Balcony of the East Garden -- Just Beyond the Hall of Veins
The night was colder here. Quieter. Beyond the edge of the balcony, the ancient forest shimmered with silver mist, branches dancing in the windless air. The illusion of the blood moon overhead bled red light across Seraphina's pale skin and Kael's shadowed jawline. Neither spoke at first. Words felt too fragile. But finally, she broke the silence.
"Do you always follow masked women into gardens?" Kael let out the smallest laugh. "Only the ones who look like they're about to disappear." She turned to face him fully, her hands resting on the cold stone railing. "I wasn't planning to vanish," she said. "Just...needed air." "Me too."
His voice was rougher out here--less guarded. It matched the calloused hands, the scar along his collarbone, the way he didn't quite fit into the finery he wore. She studied him in the silence that followed, then said softly: "I'm Seraphina." Kael blinked. The name meant nothing to him. Not yet. But it felt important. Like the kind of name that changed things. "Kael," he replied. She tilted her head. "No house name?" "No," he said simply. She didn't press and he didn't ask if she had one.
For a moment, they just stood there. Two souls burned hollow in different ways, finding something unexpected in the quiet between them. Then: footsteps. Not loud--but deliberate. Someone was coming. Seraphina tensed, stepping slightly in front of Kael with a grace so practiced, it was instinct. A low voice drifted through the archway. "Your Grace? Are you well?" It was Maris, her lady-in-waiting. Seraphina didn't turn. "I'm fine," she called back, her voice cool. Maris hesitated. "...Your aunt is looking for you." Of course she is. Virella never let anything she couldn't control go unchecked for long. "I'll return shortly," Seraphina said, still not turning around. Silence. Then the footsteps retreated.
Kael exhaled, rubbing the back of his neck. "That didn't sound like a request." "It wasn't," Seraphina replied with wry smile. "She sees everything. And she'll be furious I disappeared." She turned to him again. "Which means we don't have long." Kael looked at her, really looked. "Then tell me what this is." She hesitated. "I don't know yet," she admitted. "But I haven't been able to breath like this is years." He nodded. "Me neither."
A pause. "Why did you really come to the masquerade?" she asked. He almost lied. Almost shrugged it off. But something about her--her honesty, her restraint--unlocked something in him. "...I don't know," he said. "I think...something pulled me here." She looked at him sharply. "Me too." Their eyes locked again. That same unspoken recognition passed between them--an ancient thread woven between bloodlines and bone.

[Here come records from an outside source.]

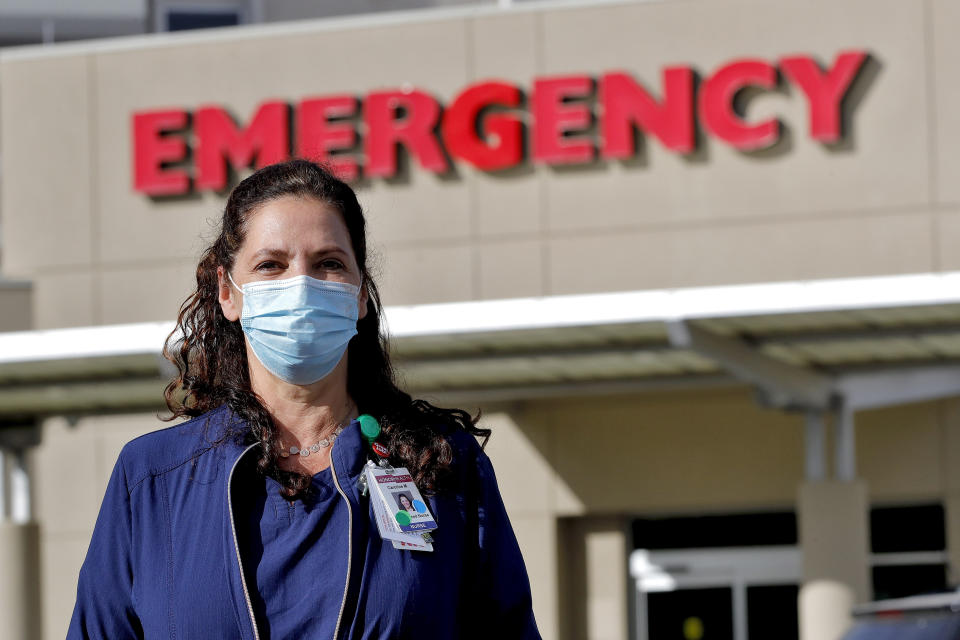 Caroline Maloney stands outside HonorHealth's Scottsdale Osborn Medical Center at the end of her overnight shift early Friday, June 26, 2020 in Scottsdale, Ariz. Arizona nurses and doctors find themselves on the frontline as the coronavirus rips through the state, making it one of the world's hot spots. (AP Photo/Matt York)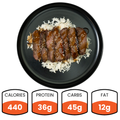 The Teriyaki Flank Bowl offers sliced steak with sauce and sesame seeds over white rice, great for healthy meals or meal prep. It contains 440 calories, 36g protein, 45g carbs, and 12g fat.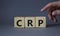 CRP - C-Reactive Protein Test symbol. Wooden cubes with word CRP. Doctor hand. Beautiful grey background. Medical and C-Reactive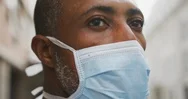 African American Man On The Go Wearing Coronavirus Covid19 Mask Stock Footage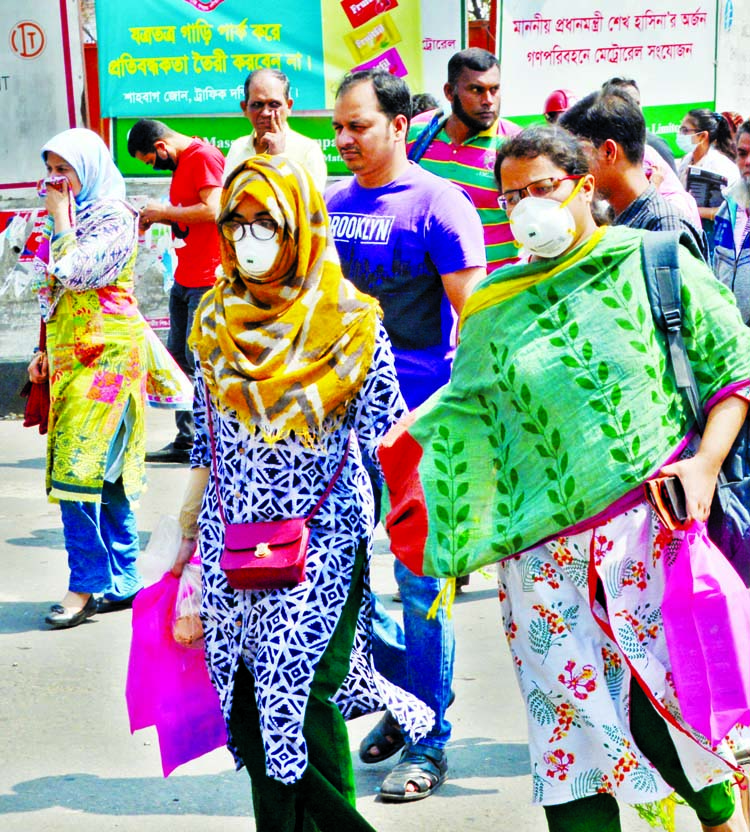 Pedestrians wearing face masks crossing Shahbagh intersection on Monday as a preventative measure following coronavirus outbreak.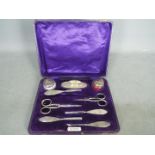 A George V hallmarked silver grooming set in fitted case, Birmingham assay 1919,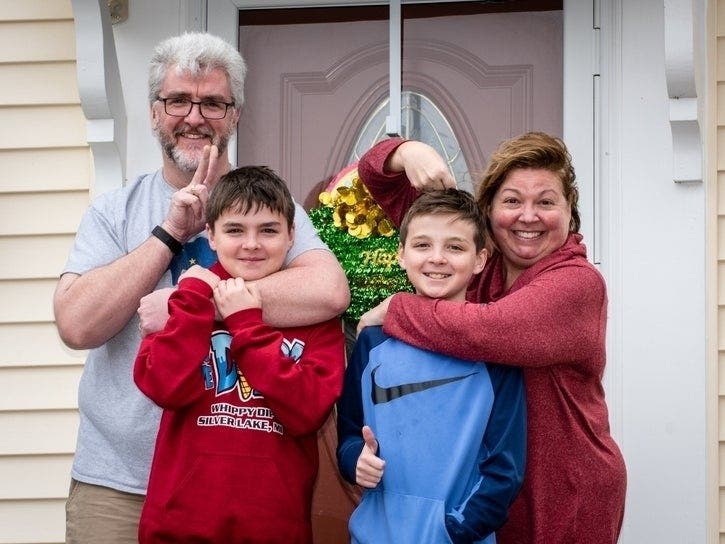 Photographer Jerry Frishman has been taking pictures of families on their front steps during the coronavirus pandemic. 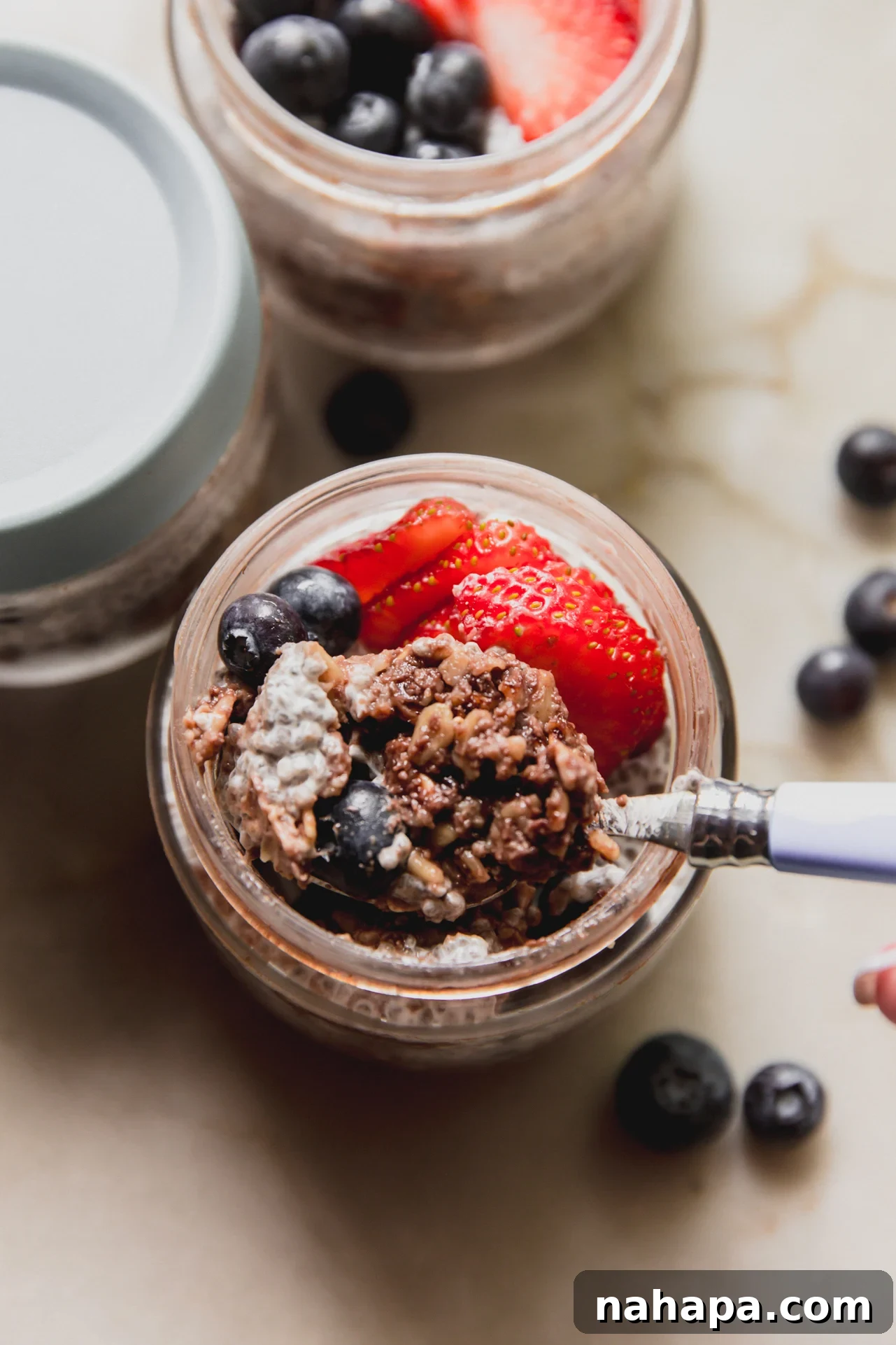 A spoon taking a bite out of the protein oatmeal breakfast cup.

Then Seraphina stepped forward--closer than she should have. "I should go," she said quietly. Kael didn't stop her. But he also didn't step away. So she reached up, just for a heartbeat, and brushed her fingers along the edge of his mask. Not removing it. Just...touching the surface. Then she whispered: "Find me again. Before the night is over." And then she turned, cloak sweeping behind her, vanishing into the shadows of the corridor. Kael stayed behind, the scent of her still in the air, the blood moon casting long shadows on the floor.
They had shared only names and a flicker of truth.
But something had already begun to burn.